Ground truth hardware phantoms for validation of diffusion‐weighted MRI applications

Abstract

To quantitatively validate diffusion-weighted MRI (DW-MRI) applications, a hardware phantom containing crossing fibers at a sub-voxel level is presented. It is suitable for validation of a large spectrum of DW-MRI applications from acquisition to fiber tracking, which is an important recurrent issue in the field. Phantom properties were optimized to resemble properties of human white matter in terms of anisotropy, fractional anisotropy, and T(2). Sub-voxel crossings were constructed at angles of 30, 50, and 65 degrees, by wrapping polyester fibers, with a diameter close to axon diameter, into heat shrink tubes.
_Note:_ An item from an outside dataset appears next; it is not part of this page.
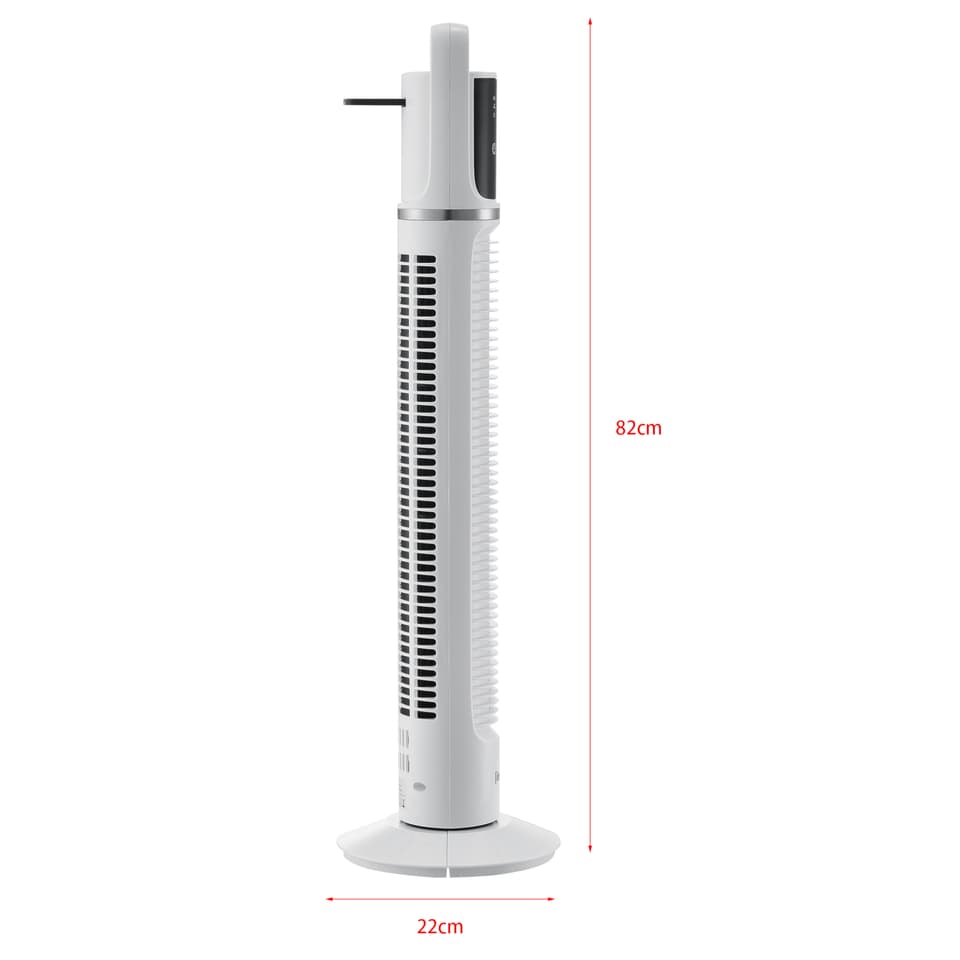 [in.tec]® Tornfläkt-Pelarfläkt-78x18x18cm-vit-40W-oscillationsfunktion-med fjärrkontroll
We show our phantoms are suitable for the acquisition of DW-MRI data using a clinical protocol. The phantoms can be used to successfully estimate both the diffusion tensor and non-Gaussian diffusion models, and perform streamline fiber tracking. DOT (Diffusion Orientation Transform) and q-ball reconstruction of the diffusion profiles acquired at b = 3000 s/mm(2) and 132 diffusion directions reveal multimodal diffusion profiles in voxels containing crossing yarn strands. The highly purpose adaptable phantoms provide a DW-MRI validation platform: applications include optimisation of acquisition schemes, validation of non-Gaussian diffusion models, comparison and validation of fiber tracking algorithms, and quality control in multi-center DWI studies.